* YOUR GOAL *
Write every line below out again exactly, images omitted.

*** Opening SUPPLIED MATERIAL ***

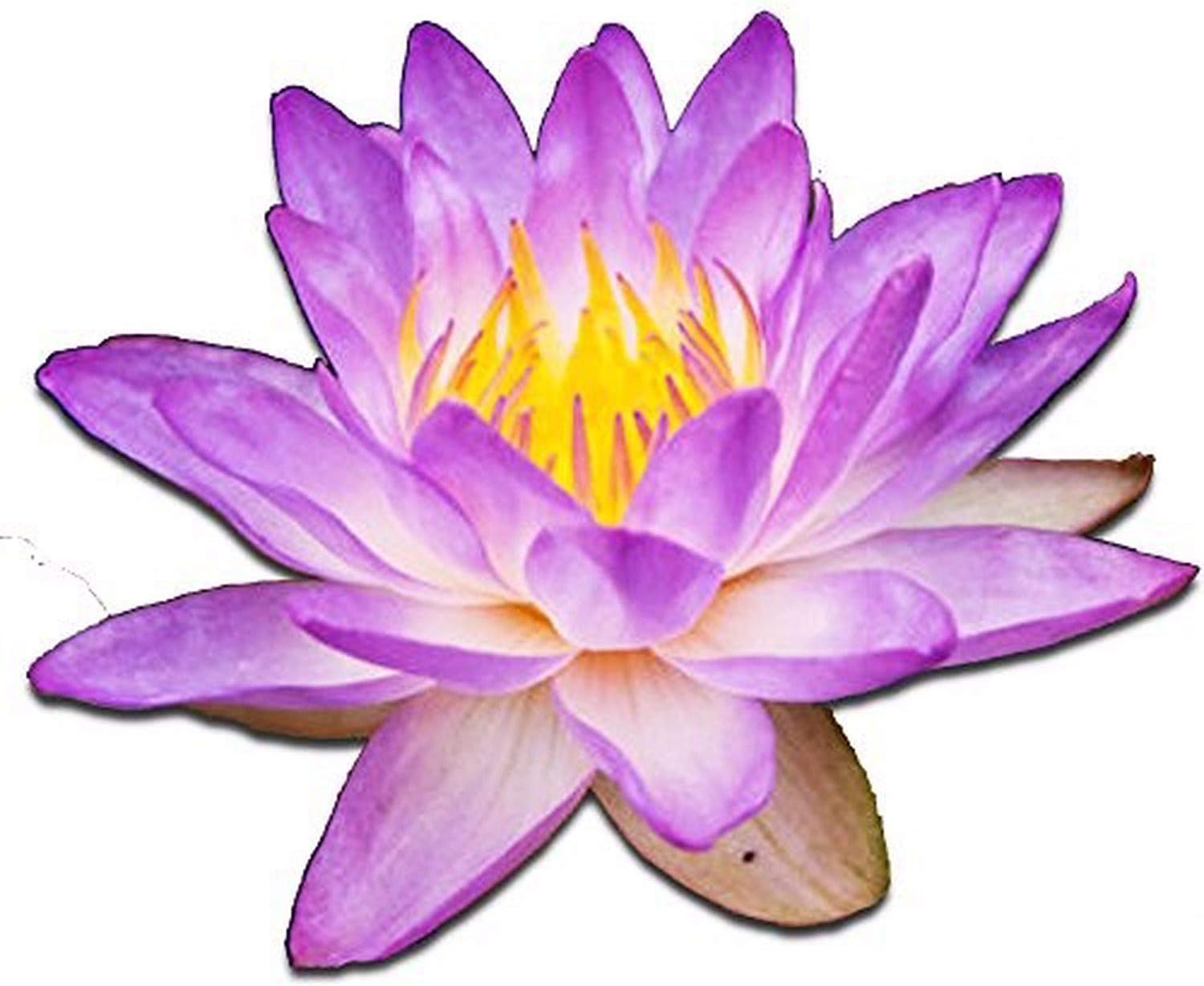 (Nymphaea Queen of Siam) Tropical Water Lily Tuber Live Aquatic Plants for Freshwater Fish Pets Pond Balcony Decorations by Greenpro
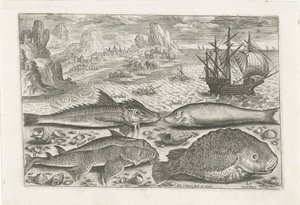 Vier vissen op het strand door Adriaen Collaert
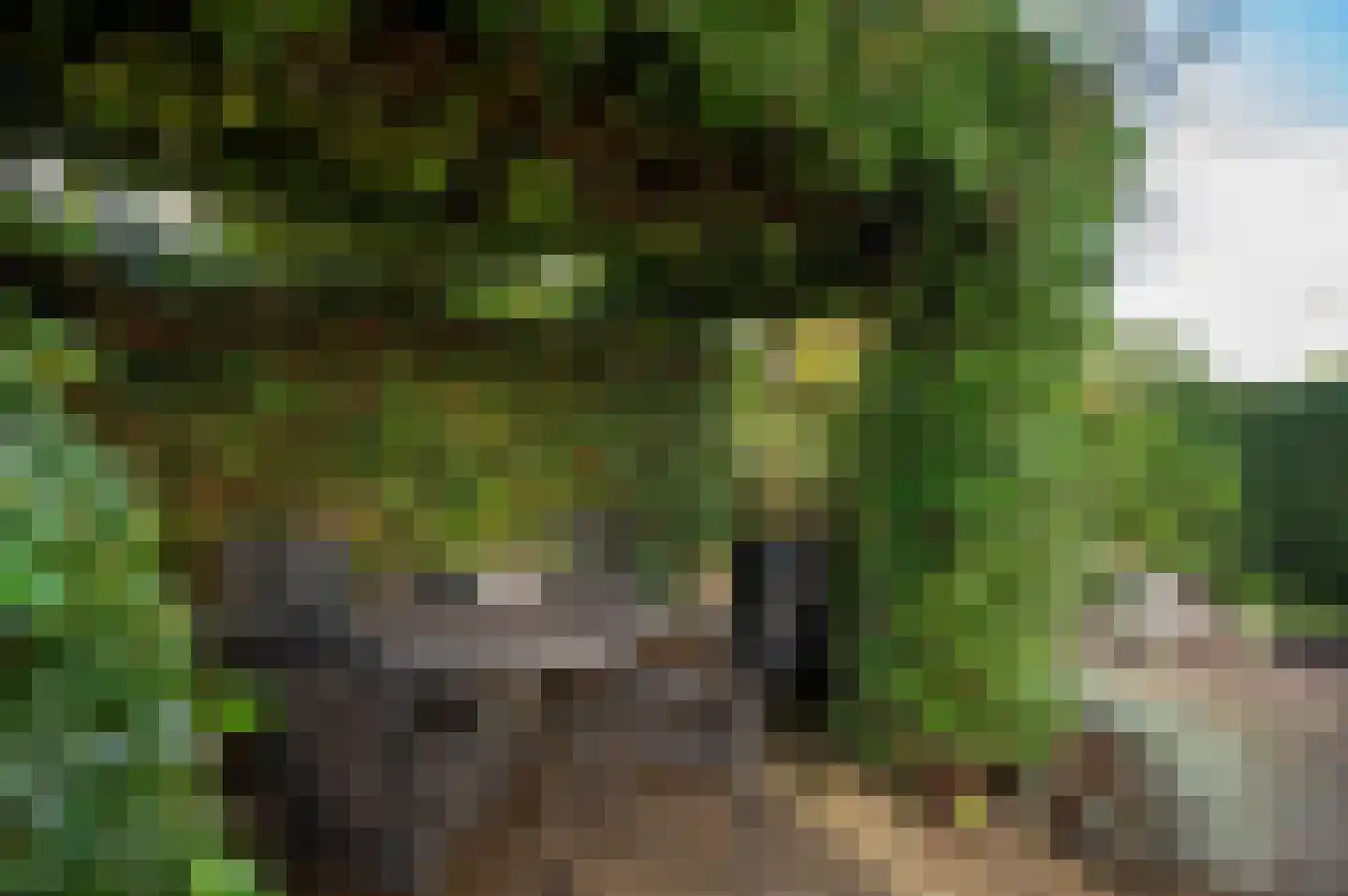 Hekendorperweg 18 Oudewater thumbnail 5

*** Closing SUPPLIED MATERIAL ***

* SOLUTION *
 (Nymphaea Queen of Siam) Tropical Water Lily Tuber Live Aquatic Plants for Freshwater Fish Pets Pond Balcony Decorations by Greenpro
 Vier vissen op het strand door Adriaen Collaert
 Hekendorperweg 18 Oudewater thumbnail 5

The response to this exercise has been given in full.